Cathy Kelley, who has been an outspoken opponent of marijuana use among youth, told the council that it has been placed in a challenging position by the voters of Washington state.
“You are asked to make a decision on a matter for which the outcome is unknown, although, based on history, somewhat predictable,” she said. “You have much to consider.”
She asked the council to set aside personal views on the issue and research it before making an informed decision. She asked the council what value there is in having a retail outlet in Sunnyside, and asked if the value outweighs the potential risks.
She also said she understands that people are polarized on the issue, but asked the council not to let it polarize the community. She asked that, no matter what decision the council makes, we work as a community to keep marijuana out of the hands of children.
She then offered suggestions for the council if a retail store is allowed in the city, including limiting the hours the store could be open, regulating the name of the store so it does not glamorize use of the drug, required compliance checks and potential regulation of the THC content of the product sold.
Speaking in favor of a retail store was Dave Rand, a potential store owner, who argued that studies on marijuana have been cherry-picked to support a particular view. He also said that bringing the trade of marijuana into the open would help prevent it from falling into children’s hands.
More than one person who favors a retail store noted that the state rules on such stores are very strict, while illegal dealers never ask for identification.

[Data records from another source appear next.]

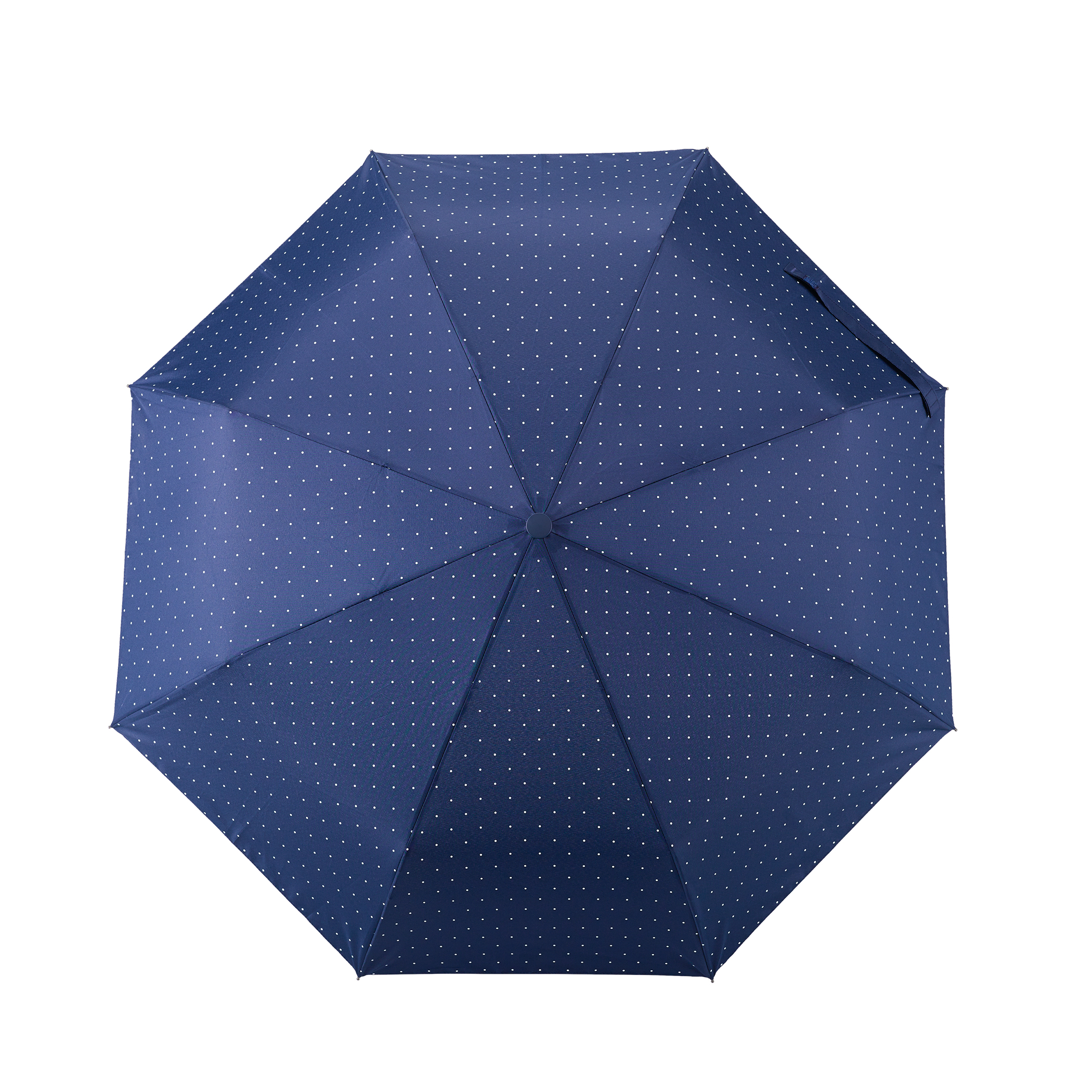 City umbrella 32P7-PWD, navy blue, pocket umbrella, eco-friendly, automatic, sustainable materials, dot design, white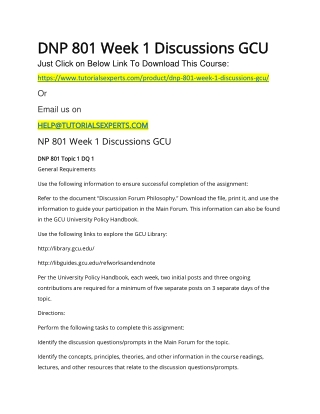 DNP 801 Week 1 Discussions GCU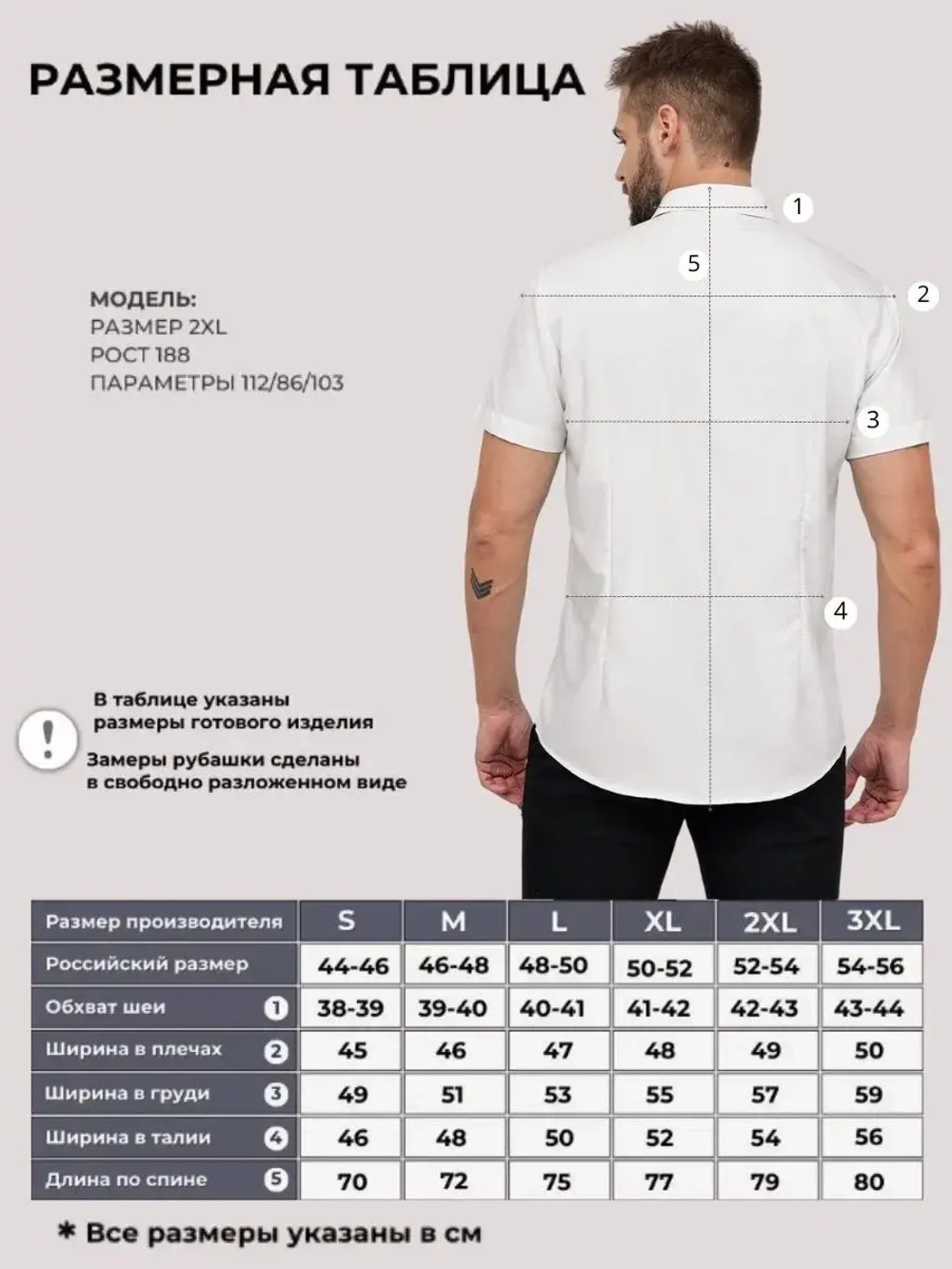 Рубашка приталенная с коротким рукавом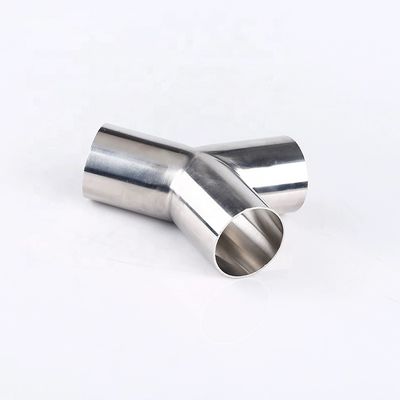 Aço inoxidável garantido 304 316 Tubo de fixação de 45 graus Tee Y Tipo Tee com fundição igual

Several of those speaking in favor of a store were from various out-of-town organizations that support marijuana use. The possibility of a lawsuit against the city if a retail store is banned was brought up more than once by both supporters of a store and those opposed to one.
Many of those opposed to the store urged the council to think of the message they are sending to the children of the town if a store is approved. Others noted how the city has only just emerged from a difficult time fighting gangs, and asked if the city needs a reputation as a place to get drugs.
After the public had spoken, council members gave their thoughts on the subject. Councilman Craig Hicks said that he does not believe a retail store will bring sales into the open.
“I don’t see how a store would stop the illegal sales,” he said. “They’re already doing illegal sales, so they lose some of the adult market, but they’ll target more to the children then. The sales are there. They are going to still make money off it.”
Councilwoman Theresa Hancock noted that the problem is already here and the city is going to have to deal with it.
“The ship has sailed,” she said. “I’ve heard impassioned people from both sides about the dangers and the good of marijuana.”
She said the drug is already in the city whether people like it or not, no matter how citizens on this side of the mountains voted on Initiative 502.
“Now our decision is, is there a way to deglamorize it, put it in a place where it doesn’t hurt the children and maybe make a dent in the black market or ban it outright,” she said. “The sales and the actual amount of marijuana in Sunnyside is not going to go down in that scenario. We’ve got a tough decision to make.
“It is clear, to me, whichever answer we come up with as far as retail sales, that what we’re doing now is not working,” she continued. “You look at the school statistics and 70 to 80 percent of our kids have it available to them at any time. We need to change that on a molecular level. We need our children not to be smoking marijuana.”
Councilman Dean Broersma argued that allowing a retail store will not solve any of the city’s problems. He said the illegal dealers will still be here and targeting children.
He also said the store will not provide the city with a significant amount of tax money.
And finally he noted that Sunnyside municipal code already states that all businesses must conform to federal, state and local laws. He argued that the council would be breaking city law by allowing a retail store.
Councilman Spencer Martin said he needed time to sort through the arguments that have been presented before making a decision. Mayor Jim Restucci agreed with him. The hearing was closed after just more than an hour and a half of discussion and the council voted to postpone the decision indefinitely.
The city currently has a 12-month moratorium in place on allowing marijuana ventures of any type that will expire on Aug. 11, 2014.